India raises interest rate to club inflation
Surprised by the decision says Chandrajit Banerjee director general of Confederation Indian Industry
MUMBAI (AFP) - India s central bank Tuesday announced a surprise quarter-point rise in its key interest rate, signalling that taming inflation is the priority rather than spurring growth months before an election.
After a meeting in the financial hub Mumbai, the Reserve Bank of India (RBI) lifted the benchmark repo rate, at which it lends to commercial banks, to 8.0 percent. The cash reserve ratio, the amount banks must keep in hand to withstand financial shocks, was left unchanged at 4.0 percent.
The currency rose on the news, firming by about half a rupee to 62.66 rupees to the dollar from Monday s more than two-month low.
The unit has come under renewed pressure amid investor fears about the impact of a rollback in the US Federal Reserve s easy money policy on India and other emerging markets.

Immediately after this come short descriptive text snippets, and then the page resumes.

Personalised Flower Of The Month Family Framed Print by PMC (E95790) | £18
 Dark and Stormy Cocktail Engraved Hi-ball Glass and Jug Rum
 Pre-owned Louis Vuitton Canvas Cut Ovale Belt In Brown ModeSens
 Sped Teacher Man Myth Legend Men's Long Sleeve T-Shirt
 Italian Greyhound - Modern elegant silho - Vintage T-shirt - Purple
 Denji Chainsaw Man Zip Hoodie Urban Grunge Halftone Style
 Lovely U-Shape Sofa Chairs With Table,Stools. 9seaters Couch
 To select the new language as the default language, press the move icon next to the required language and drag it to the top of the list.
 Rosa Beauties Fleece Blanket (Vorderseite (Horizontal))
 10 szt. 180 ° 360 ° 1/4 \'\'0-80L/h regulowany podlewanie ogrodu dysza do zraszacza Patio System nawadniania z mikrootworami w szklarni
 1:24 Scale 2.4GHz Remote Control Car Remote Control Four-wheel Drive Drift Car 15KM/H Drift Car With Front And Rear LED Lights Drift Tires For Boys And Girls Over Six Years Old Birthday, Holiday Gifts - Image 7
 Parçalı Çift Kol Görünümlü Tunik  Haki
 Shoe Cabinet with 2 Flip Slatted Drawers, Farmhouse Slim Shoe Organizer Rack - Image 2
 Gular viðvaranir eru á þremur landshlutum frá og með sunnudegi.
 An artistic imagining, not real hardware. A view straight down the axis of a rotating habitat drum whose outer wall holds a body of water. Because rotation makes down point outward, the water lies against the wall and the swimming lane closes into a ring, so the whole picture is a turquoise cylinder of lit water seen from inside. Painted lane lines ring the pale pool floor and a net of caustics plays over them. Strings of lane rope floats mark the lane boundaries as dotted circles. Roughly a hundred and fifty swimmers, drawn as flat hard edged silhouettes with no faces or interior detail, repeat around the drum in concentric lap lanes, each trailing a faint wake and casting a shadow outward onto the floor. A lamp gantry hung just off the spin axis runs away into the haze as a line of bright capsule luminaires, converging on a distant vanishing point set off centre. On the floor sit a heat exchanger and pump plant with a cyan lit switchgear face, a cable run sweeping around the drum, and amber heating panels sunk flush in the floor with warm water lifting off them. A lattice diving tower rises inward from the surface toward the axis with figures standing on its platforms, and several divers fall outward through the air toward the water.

"The decision was a close one this time around," RBI Governor Raghuram Rajan, who has steered a hawkish course since he took over last year, told reporters.
"But we chose to act," he said, adding, "some aspects of inflation continued to be sticky despite a fall in vegetable prices that suggested to us some more medicine was required."
The rate hike was unexpected, with most economists forecasting borrowing costs would remain on hold, especially after a fall in the widely watched Wholesale Price Index last month to 6.16 percent year-on-year in December from 7.52 percent in November.
Tuesday s announcement disappointed business leaders, who have been clamouring for a rate cut to spur an economy which has been growing at a decade low.
Chandrajit Banerjee, director general of the Confederation of Indian Industry, said he was "surprised" by the decision.
"This is an opportune time to accord a precedence to growth over inflation," he said.
But Rajan said there were still upward pressures on inflation from factors such as rising services prices, which needed addressing "resolutely" even while "recognising the economy is weak and substantial fiscal tightening is likely" in the January-March quarter.
Madan Sabnavis, chief economist, Care Ratings, said: "Usually the RBI talks about growth and inflation. But this time it was just inflation and inflation.
"The signal is, corporates should not expect growth to be driven by interest rate adjustments."
The RBI raised rates in both September and October to fight inflation, but then surprised markets by holding them steady in December even after inflation accelerated to a 14-month peak.
According to a macroeconomic report on Tuesday the central bank expects headline consumer price index inflation to remain above nine percent for the rest of this financial year to the end of March.
"Today s decision suggests the RBI is not going to be overly focused on the growth angle unless of course (growth) collapses," said Ashutosh Datar, economist at India Infoline brokerage.
Shares on the Bombay Stock Exchange closed down just 23.94 points or 0.12 percent at 20,683.51 points.
India must by hold by May a general election in which the scandal-tainted Congress-led government of Prime Minister Manmohan Singh is expected to fare poorly.
Singh, a renowned economist, is desperate to see signs of an upturn in the economy, which some analysts forecast will grow below five percent in the year to March -- a far cry from near-double digit levels just a few years ago.
The RBI said it expects growth of five to six percent in the financial year 2014-15. Its next policy review will be on April 1.